The prognosis of out-of-hospital cardiac arrest (OHCA) in Hong Kong is poor. Fewer than one in 44 persons with OHCA survive to hospital discharge. The number of survivors with good neurological outcome is even smaller (one in 67 persons with OHCA).1 Public access defibrillation (PAD) has been proposed as a strategy to improve survival. The concept was first put forward by the American Heart Association Task Force on Automatic External Defibrillation in 1995.2 There is no strict definition of PAD but it is considered to include defibrillation by persons not medically trained. There were initially four levels of responders, ie persons performing the defibrillation before the arrival of the emergency medical services (EMS). Level 1 referred to the traditional first responders, eg police and firefighters. Level 2 were persons who had a duty of care, eg life guards and security personnel. Laypersons who had been trained in cardiopulmonary resuscitation (CPR) or use of an automated external defibrillator (AED) constituted the third level. Level 4 referred to minimally trained or untrained laypersons who may respond to an emergency.

Advances in technology have ensured the current AED is compact in size and easy to operate. Visual and auditory instructions allow a person without prior training to perform defibrillation.3 Fourteen years ago, a group of emergency physicians questioned whether PAD was needed in Hong Kong.4 In response to the culminating scientific evidence to support the use of PAD in OHCA, and the change in the environment and population demographics of Hong Kong over the past 14 years, this paper aimed to answer the same question again. A literature search was conducted using the electronic database of MEDLINE, Embase, and Scopus for primary clinical studies, as well as Cochrane Reviews and Health Technology Assessment and Database for secondary reviews, published from 1995 to the present. Keywords of cardiac arrest, survival, defibrillator, defibrillation, effectiveness, and AED were used singly or in combination. Additionally a manual search was performed of bibliographies listed in articles used for review. An article was included for review if all investigators agreed that it could provide data to answer the research question. It is hoped that the findings of this review will inform the health authorities and the government about community-based PAD programmes.

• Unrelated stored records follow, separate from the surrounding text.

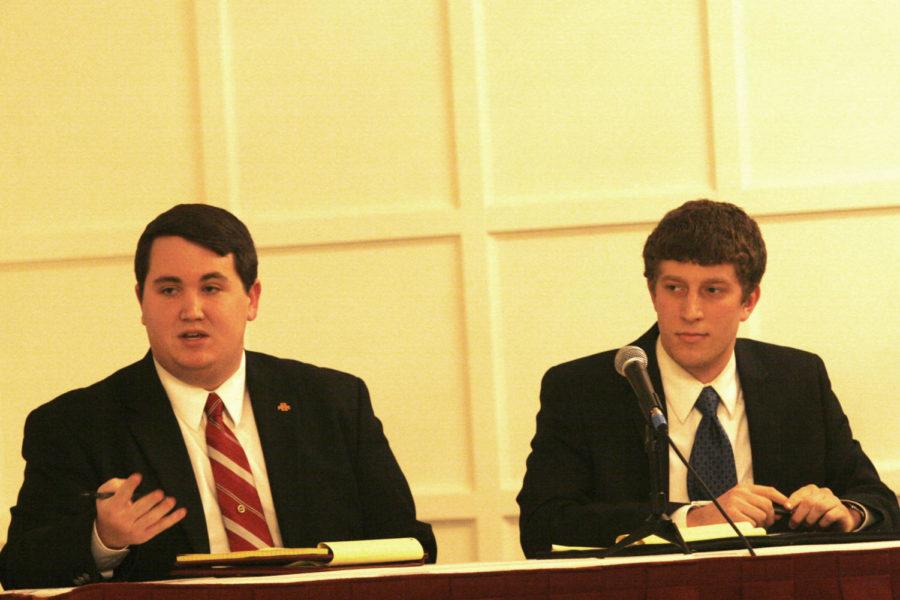 Candidates for student body president and vice president Daniel Rediske and Zachary Bauer participate in the Government of the student body presidential election debate on Feb. 26, 2013, in the Cardinal Room of the Memorial Union.
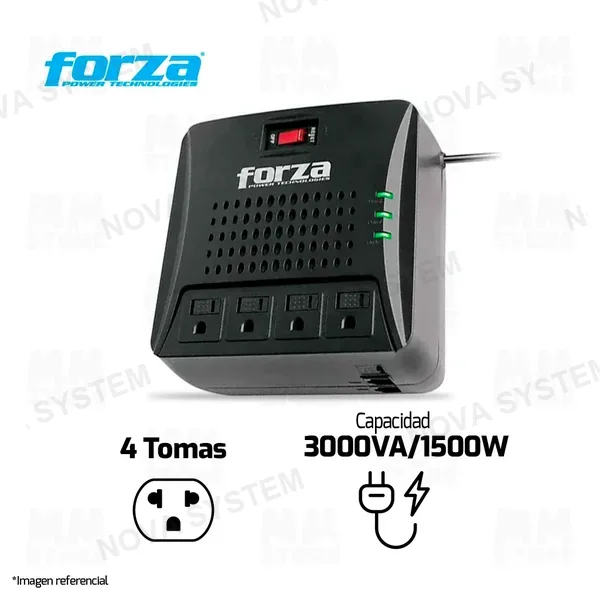 Forza ESTABILIZADOR FORZA AVR FVR-3002 | 3000VA/1500W | 4 TOMAS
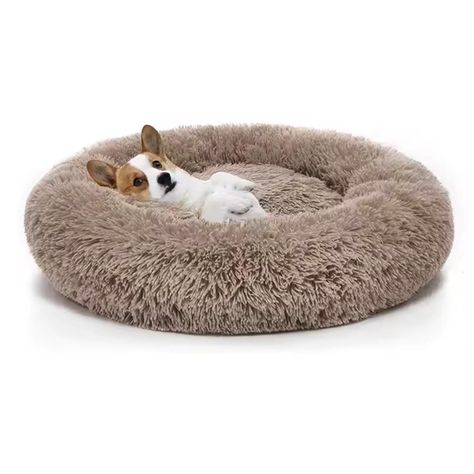 Cama Para Perro / Gato. Beige Antiestres.110 cm de Diámetro.-4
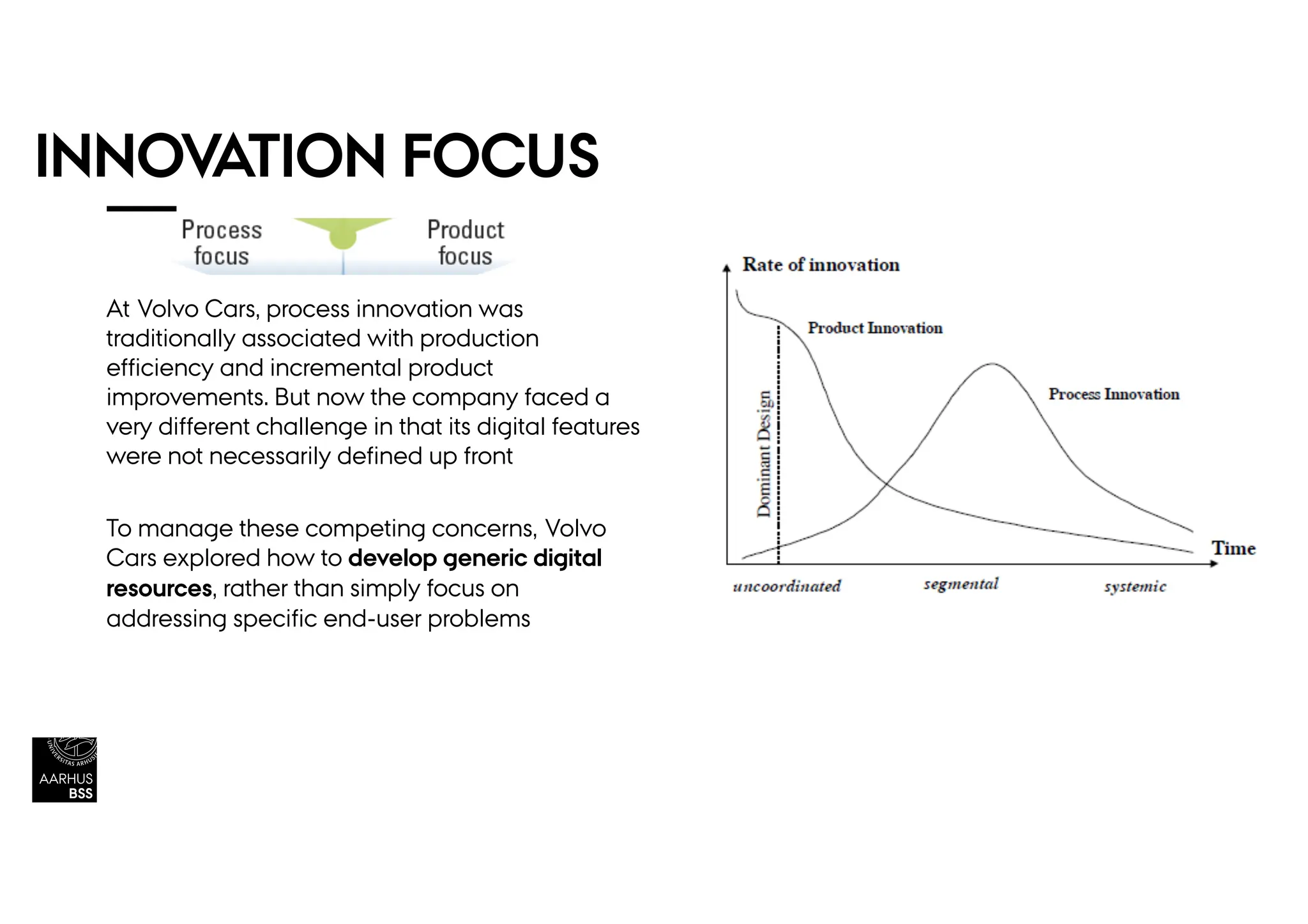 INNOVATION FOCUS
At Volvo Cars, process innovation was
traditionally associated with production
efficiency and incremental product
improvements. But now the company faced a
very different challenge in that its digital features
were not necessarily defined up front
To manage these competing concerns, Volvo
Cars explored how to develop generic digital
resources, rather than simply focus on
addressing specific end-user problems
 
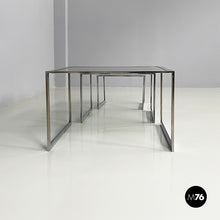 画像をギャラリービューアに読み込む, Coffee tables in smoked glass and metal, 1980s
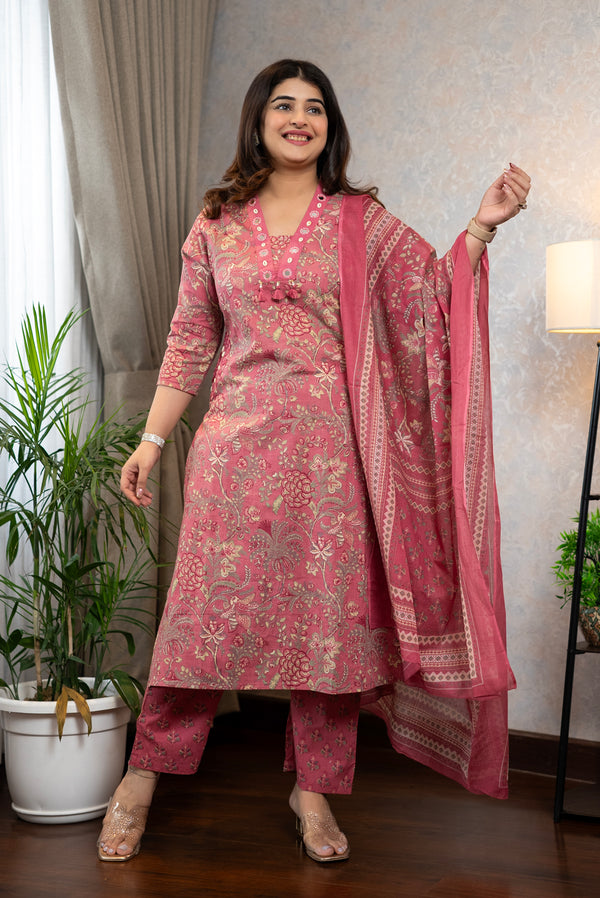 Pink Floral Kurta Set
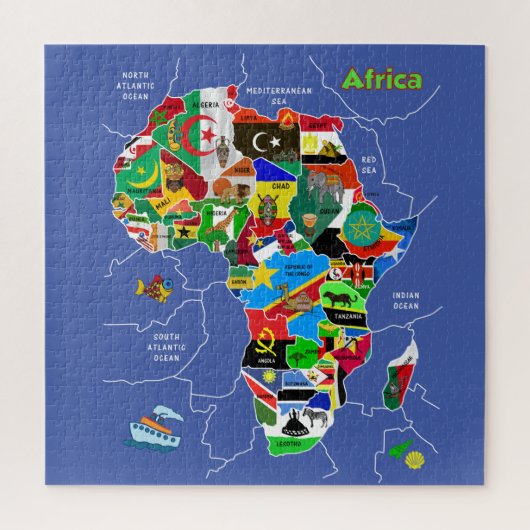 Puzzle Afrika Map Artwork (Vertikal)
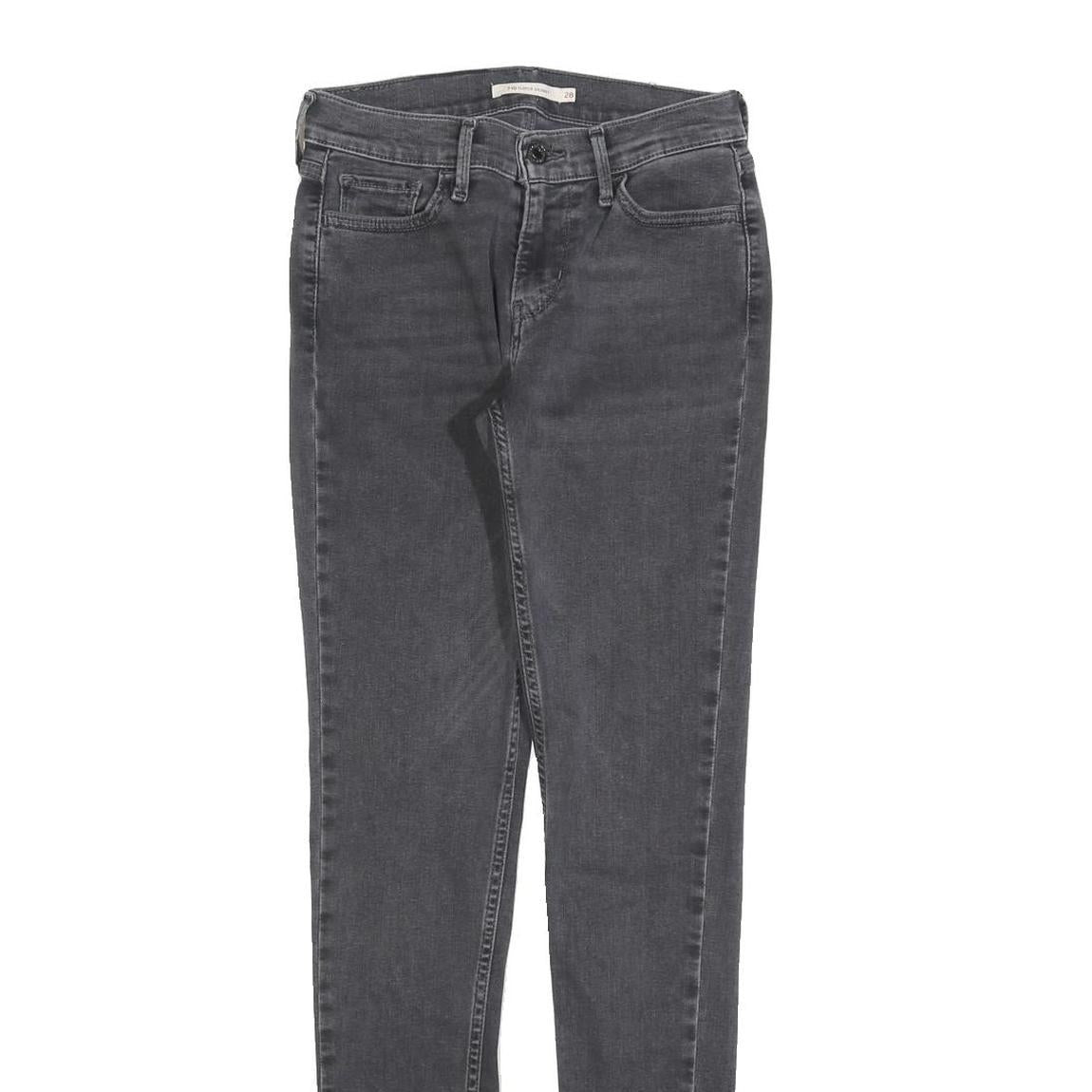 LEVI'S 710 Womens Jeans Black Slim Skinny Denim Medium W28 L32 Stretch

Ventricular fibrillation (VF) is one of the causes of sudden OHCA. Defibrillation is the most effective treatment for patients with VF. The probability of successful defibrillation is time-dependent, dropping by 7% to 10% with each passing minute.5 Defibrillation by a bystander with an AED prior to the arrival of EMS may shorten the time between arrest and defibrillation and thus increase the chance of survival. Early studies that compared CPR versus CPR plus AED by level 1 responders, ie police and firefighters, did not reveal any survival advantage of using an AED.6 7 In 2004, the PAD trial investigators published their report on PAD and survival after OHCA and presented the most convincing evidence of the clinical effectiveness of an AED.8 They randomised over 19 000 volunteer responders from nearly 1000 communities in North America to an intervention group that used CPR and AED or a control group that used CPR alone. The intervention resulted in a 2-fold increase in the chance of survival to hospital discharge.8 The failure to demonstrate any benefits of AED in the early studies may be related to the exclusion of the lay public in using AED. A meta-analysis that studied nearly 1600 cases of OHCA also demonstrated an increased probability of survival to hospital discharge if an AED was used for OHCA before EMS arrival (relative risk of 1.39 of surviving to hospital discharge for people treated with CPR + AED compared with CPR-only).9 In conclusion, there is concrete evidence that AED is clinically effective in OHCA.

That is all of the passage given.